Ode to the Cigar, Part II

In my previous post, I posted one of Kipling’s Post on Cigars. As you can see from this poem written in the 19th century, cigars and Cuba go back centuries.

My first exposure to cigars was as a young child when I would see my Abuelo, who I nicknamed “Pow”, puffing on his Churchills. He would complain that they were nothing like the H. Upmann Churchills he used to smoke when he lived in Cuba.

In his later years, he lost his desire for cigars as he became convinced that his exile would be a permanent one. He came here in the mid 1960’s via Spain. Already a man in his 60’s. He came here ready to work; he had worked his whole life. But in those days, men in their 60’s were considered “too old” to be hired for work. So he would spend his days at home, playing with his grandson, drink my grandmother’s God awful Cuban coffee as if it was the best coffee ever made, read El Dario Las Americas, listen to Spanish radio, and finally, watch the one Spanish TV station at the time, Channel 23.

I really liked the aroma of cigars, but hated the smell of cigar butts my Abuelo would leave around the house. My father smoked cigars every now and then, but it was rare. He was a cigarette smoke having grown up in the 30’s and 40’s in South America. I hated cigarettes.

After my Abuelo passed, I came reacquainted with cigars when I was in high school in the early 1980’s. This was many years before it became chic to smoke cigars and before Cigar Aficionado. I would buy cigars from the local Cuban Cafeteria (typically a Partagas No. 2 or Partagas Tubo). I would smoke them, in part, to annoy the cigarette smokers and also in part because of my rebellious nature. There was only one other cigar smoker in my high school, and that was and continues to be my best friend, Craw.

In college, we would go to Mike’s Cigars when it used to be on Arthur Godfrey Road in Miami Beach and get boxes of fine cigars for $ 35. I would also order boxes of Arturo Fuente Hemingways for $60 in those days out of Tampa (usually Ed’s Pipe and Tobacco). In the early 1990’s, my buddy Craw turned me on to the La Gloria Cubana, Torpedoes, which we used to get in a bundle from the factory in Little Havana for $ 40.

Prices went through the roof with the mid 1990’s cigar boom until them stabilized in the late 1990’s.

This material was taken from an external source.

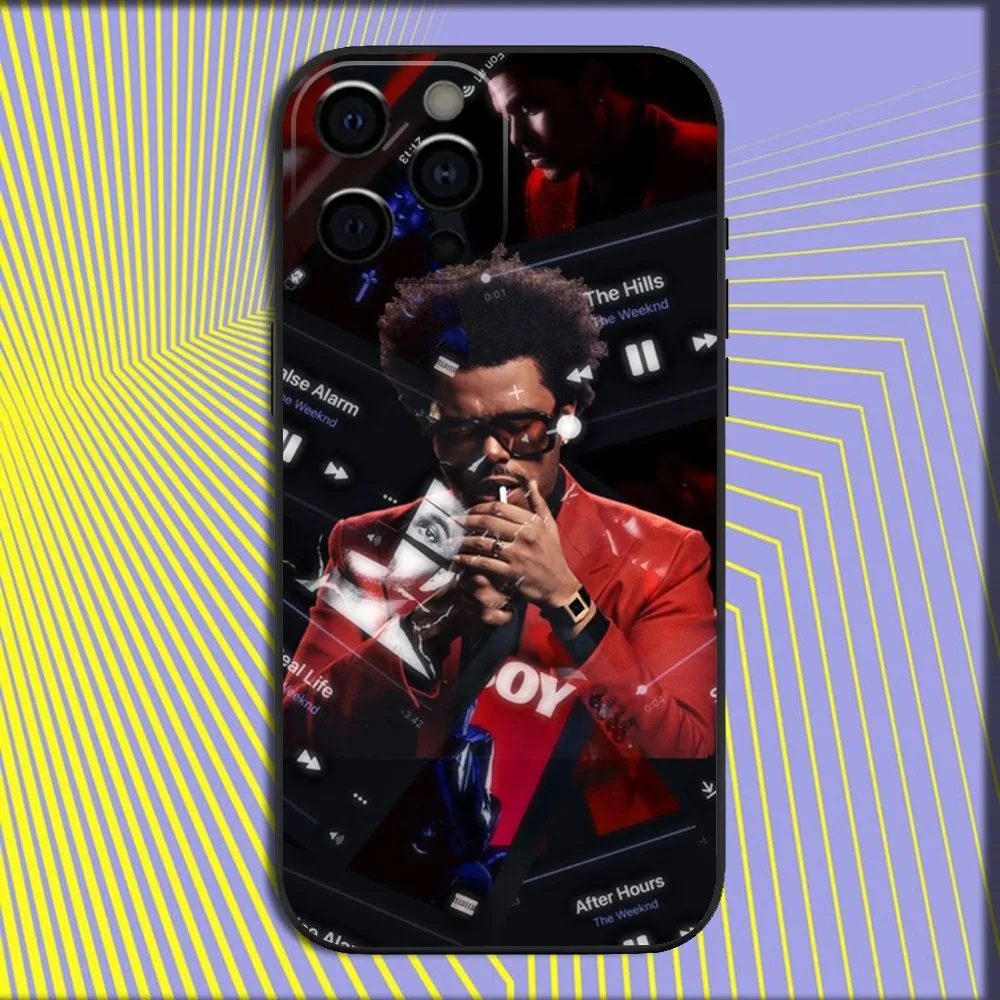 The W-Weeknd XO Phone Case For iPhone 16,15,14,13,12,11,Pro,X,XS,Max,XR,Plus,Mini Soft Black Cover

A good box of cigars will now run you close to $ 200.00.

I enjoy smoking a nice stogie with a fine spirit, but always prefer smoking one at the counter of a Cuban cafeteria where the aromas of café Cubano and cigar smoke mingle.

Until the last election in Florida, we used to be allowed to smoke cigars in bars, billiard rooms, restaurants, etc. In fact, my days of law school, it was a weekly event to get together with my friends, usually Craw, and go to the billiard room at Bird Bowl in South Miami and smoke a few while we played a few hours of pool. When I started practicing law, I would smoke one after work at the local billiard parlor as well. I used to enjoy smoking a cigar at a nice bar with a martini or a fine ale.

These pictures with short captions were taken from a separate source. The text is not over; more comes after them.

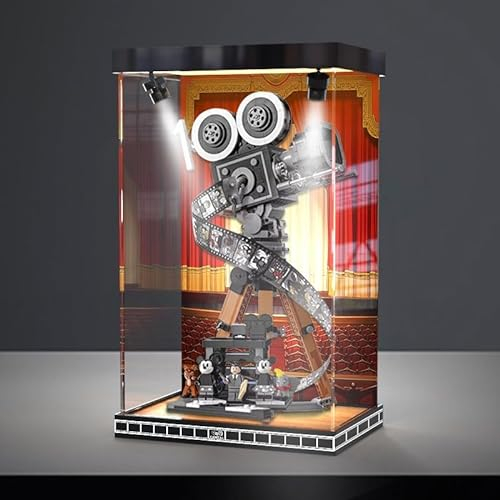 Acryl-Vitrine für das Kameramodell 43230, staubdichte Aufbewahrungsvitrine für die Kamera 43230, Lego-Liebhaber (nur Vitrine), Größe: 30 x 20 x 40 cm H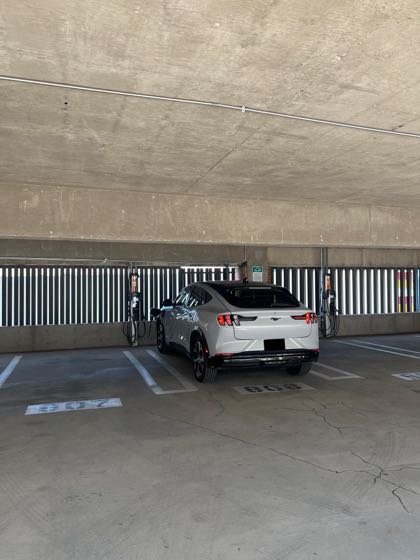 EV charger at Ross Avenue Garage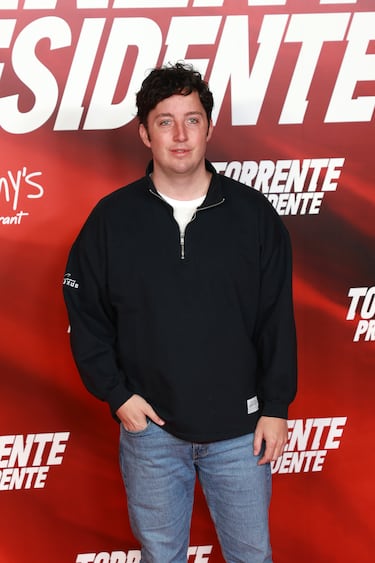Francisco Nicolás durante la premier de la película 'Torrente Presidente' en los Cines Callao. 
 
 
 
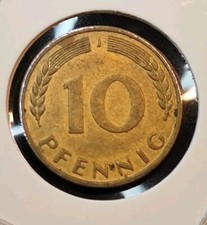Moneta 10 Pfennig 1950 J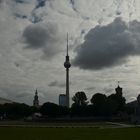 Blick auf Fernsehturm und Marienkirche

Well, those days are gone. The pleasure Nazis decided to make it unlawful for businesses to allow smoking indoors. Here in Florida, if you serve food, forget it; no cigars. These same idiots who want to deny free enterprise and choice to people and business feel it is in my best interest that smoking be prohibited in public places such as restaurants and bars. In some other states such as the People’s Republic of California, they want to ban it even outdoors. Even New York has gone crazy. I used to enjoy drinking bass ale and smoking cigars at the pubs on Bleacher Street in the village. Can’t do it. The irony is that in a way, these pleasure police and their tactics are no better than what totalitarian dictators do: they want to inhibit the freedom to choose. They feel that they and the government knows what is best. Of course, these closet communists will argue that in Florida, the voters passed the constitutional amendment to prohibit smoking. Yes, and they voted to give protected status rights to pregnant pigs too. Of course, they bombarded the airways with ads of 14 year old girls with breathing problems saying that they were suffering because of smoke in bars. What the hell is a 14 year old girl doing in a bar? Adults are treated like children. Soon, adults will have to ask permission from some bureaucrat just to take a leak. Crazy I tell you.

In any event, I digress. I now smoke my cigars outside while it is still permissible and if someone is offended by it, then get out of my airspace. Finally, because this is a photoblog, the image I’ve posted herein is of the one few places you can smoke, a Cigar Bar. Specifically, this bar is in the Cigar City of Tampa, in Ybor City. The image below is of a cigar roller from the Grove.

So have a cafesito and a smoke for me. Ciao.


The Universal Spectator said...

Fuentes y Fuentes Opus X are my favorite. I have never had a bad one: smooth, flavorful, aromatic.

Srcohiba said...

I've always loved Fuente Cigars. I agree; never get a bad one. Try the Hemingways. Not as expensive as the Opus X but just as good. As well as the Don Carlos series.

Who needs Cuban Cigars when you can get better smokes from the Dominican Republic and Hounduras.